From Gifu City, you can continue on to Takayama and Shirakawago via train or bus. If that’s all you’re exploring in the prefecture, you can also look at getting there more directly from Nagoya.
In peak season (i.e. spring and summer holidays, Golden Week and the New Year period), a regular one-way Shinkansen ticket from Tokyo to Nagoya costs about ¥11,290, plus the bit from Nagoya to Gifu on the Tokaido Line, which costs ¥550. The Shinkansen is a couple of hundred yen cheaper off peak.
To save a further few hundred yen, you can choose unreserved seating (jiyuuseki), but you run the risk of standing the whole way—especially during peak season. If you are traveling with kids or the elderly, have a lot of luggage or just don’t like being fully vertical for long, it’s recommended that you book a reserved seat (shiteiseki) instead. You can reserve seats in advance. The seats on most trains from Nagoya to Gifu are unreserved.
The best way to lower the cost of a Shinkansen ride is by taking advantage of a Japan Rail Pass (if you’re a short-term visitor), or using the Puratto (Platt) Kodama Economy Plan. The Puratto plan allows you to buy a one-way ticket to Nagoya on the sloooow Kodama for between ¥8,300 and ¥9,500, depending on the time of year. You have to buy a Platt Kodama ticket at least one day in advance, and numbers are limited. Contact JR Tokai Tours for more information or go to their office in Tokyo or Shinagawa Station, where usually a bit of English might be spoken by one person.

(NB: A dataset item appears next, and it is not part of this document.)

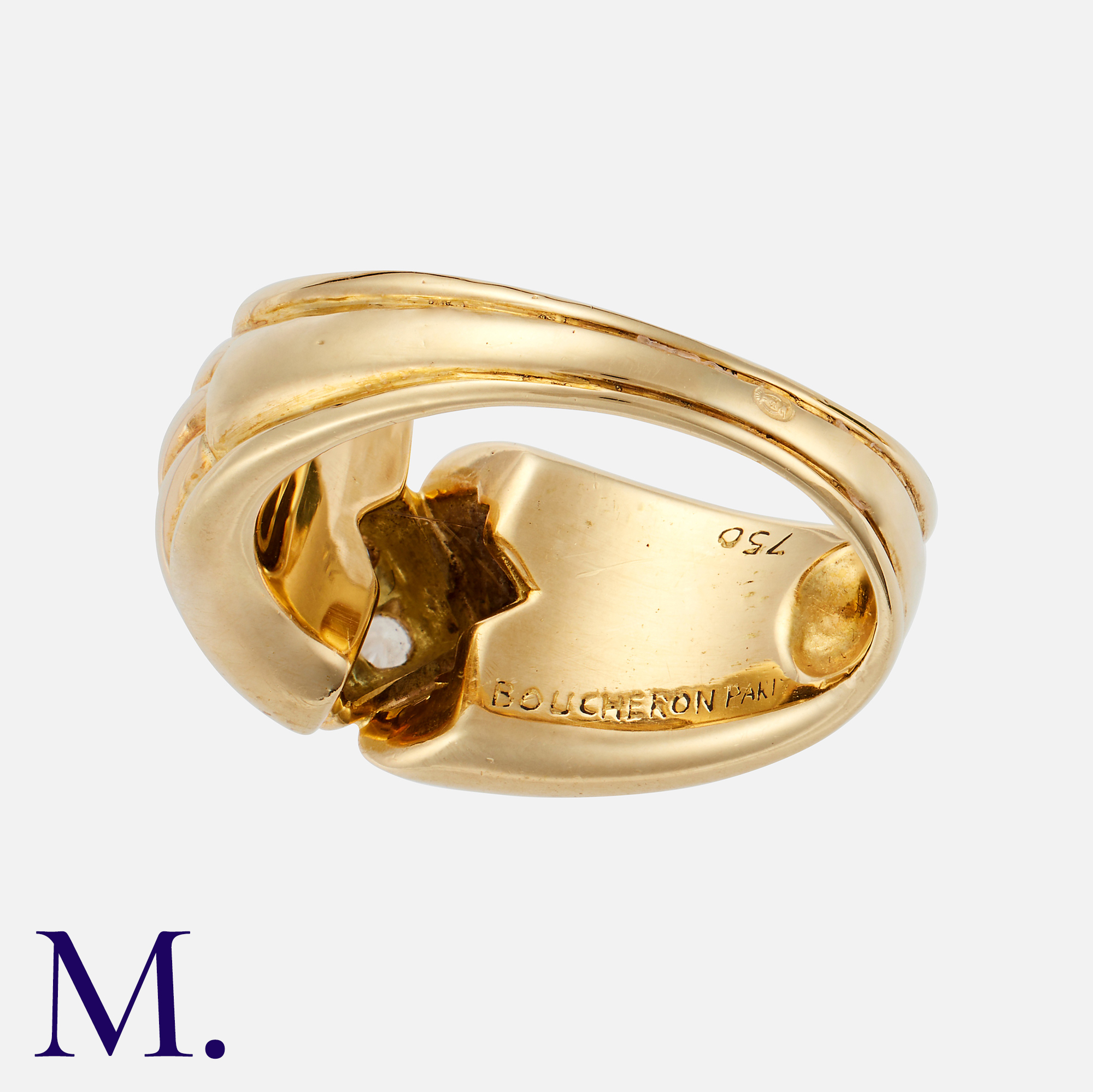 BOUCHERON. A Diamond Ring in 18K yellow gold, set with five round cut diamonds weighing - Image 2 of 2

It’s possible to fly from Tokyo to Nagoya (Chubu Centrair International Airport) on one of Japan’s domestic carriers—flights leave from both Haneda and Narita and take 70 minutes. From the airport, it’s 20-30 minutes by train to Gifu City.

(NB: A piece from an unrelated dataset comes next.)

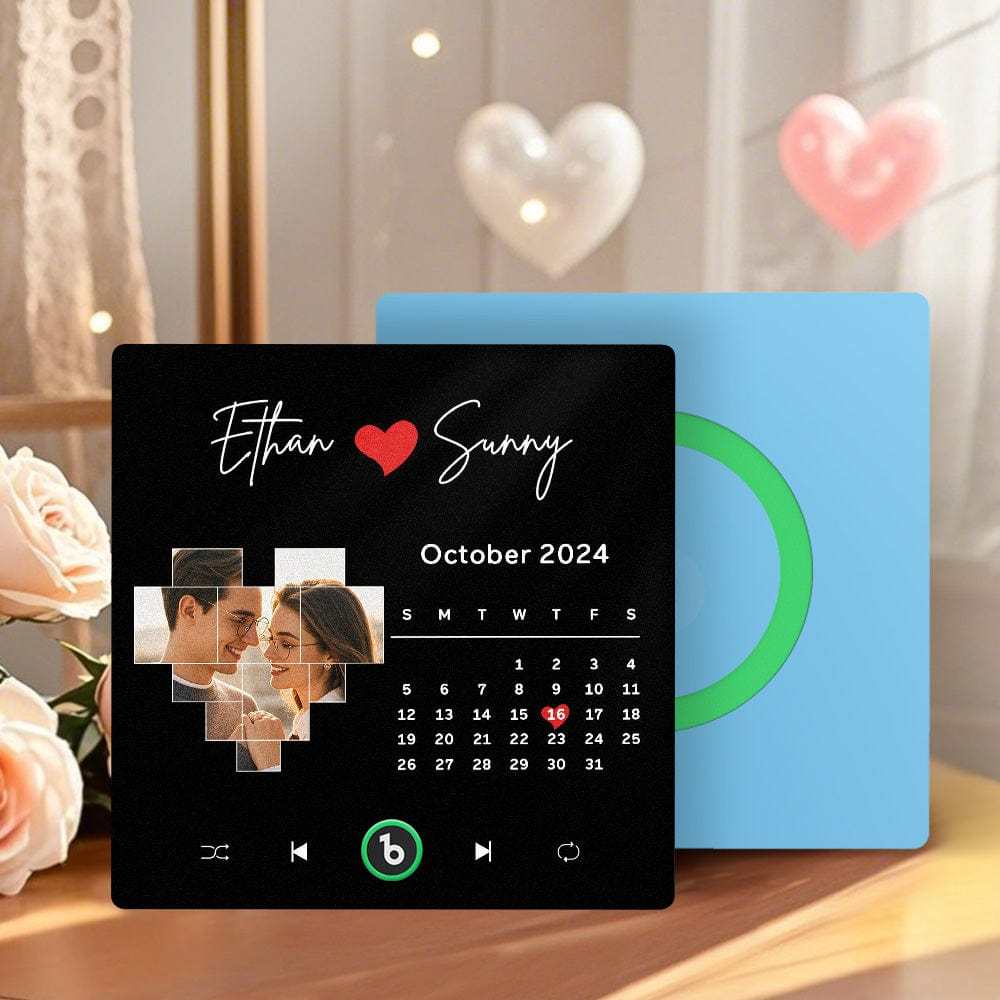 Custom Music Fridge Magnet Personalized Calendar Photo Colorful Album Fridge Magnet Music Wall Photo Sticker That Can Be Played Without Cellphone For Couples - CustWitAU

Your options are ANA or JAL, with prices hovering around ¥7,000 one way. Once you factor in the cost and hassle of airport transfers, it’s nowhere near as good value as the Shinkansen or a bus. Flying to Nagoya to get to Gifu only really makes sense if you’re coming from Hokkaido, Okinawa or another far-off part of the country.
Escape Tokyo for the day, see mountains, hot springs, the modern, the traditional, the old and the ancient!
|Tokyo => Nagoya||ANA||¥7,220 (US$66)||Details|
|Tokyo => Nagoya||Japan Airlines||¥9,125 (US$84)||Details|
|Tokyo => Nagoya||Jetstar||¥10,755 (US$99)||Details|
Highway buses from Tokyo to Gifu
The budget way of getting from Tokyo to Gifu is taking a highway bus—one-way tickets go for around ¥6,200. The trip takes 7-8 hours, with buses usually leaving Tokyo late at night, reaching Gifu around dawn.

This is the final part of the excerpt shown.